The Fair Pay Bill, introduced by MP Nobuntu Hlazo-Webster of Build One South Africa (BOSA), would amend the Employment Equity Act to mandate pay transparency and end the practice of basing new salaries on previous earnings—a system that perpetuates historical discrimination.
"Job applicants end up trapped by low wages for life, as their remuneration is based on previous salaries, tainted by historic bias," Hlazo-Webster explained. In South Africa, where apartheid-era wage structures systematically underpaid Black workers, women, and people with disabilities, this cycle has persisted for decades after democracy.
The bill's provisions are comprehensive. Employers would be required to disclose salary ranges upfront for all vacancies, promotions, and transfers. Compensation must be determined objectively during job classification and evaluation, rather than anchored to what someone earned at a previous employer where discrimination may have limited their pay. Workers would also gain the explicit right to discuss and share remuneration information—ending the culture of pay secrecy that disadvantages those with less negotiating power.

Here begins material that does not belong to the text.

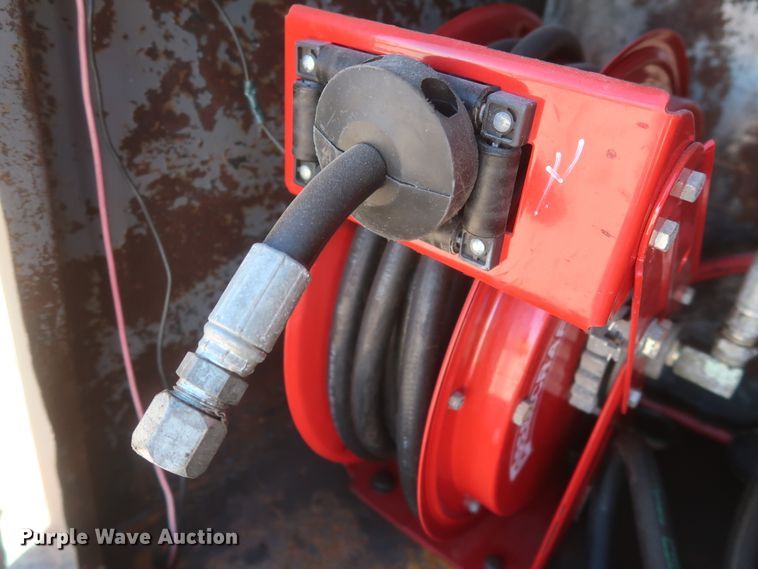 image for item DJ2300 2005 Chevrolet C6500  service truck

In South Africa, as across post-conflict societies, the journey from apartheid to true equality requires generations—and constant vigilance. This legislation acknowledges that inequality's impacts are "felt disproportionately along lines of race, gender and disability"—a direct recognition that formal legal equality has not erased economic stratification.
Consider a Black woman who entered the workforce in the early 2000s at a company that still reflected apartheid-era pay scales. Even as she changed jobs over two decades, each new employer asked her salary history and offered incremental raises. Meanwhile, a white male counterpart who started at a higher baseline continued to outpace her, despite identical qualifications and performance. The Fair Pay Bill would break this chain.
The legislation now enters a 30-day public comment period beginning April 30, with submissions accepted through the Fair Pay Bill website at fairpaybill.co.za. Business organizations are expected to raise concerns about administrative burden and market flexibility, while labor unions and equality advocates view the reform as long overdue.
South Africa's approach follows similar reforms in jurisdictions from California to the European Union, but carries unique significance in a society still grappling with apartheid's economic legacy. The country's Gini coefficient—a measure of inequality—remains among the world's highest, with wealth and income gaps largely tracking racial divisions established under white minority rule.
The bill represents a test of whether policy intervention can accelerate the glacial pace of economic transformation. Three decades after liberation, the promise of the Rainbow Nation remains unfulfilled for millions whose earning potential is still constrained by historical injustice. Pay transparency and salary history bans offer a concrete mechanism to disrupt inherited disadvantage—though implementation and enforcement will determine whether the law delivers real change or becomes another aspirational statute honored more in breach than observance.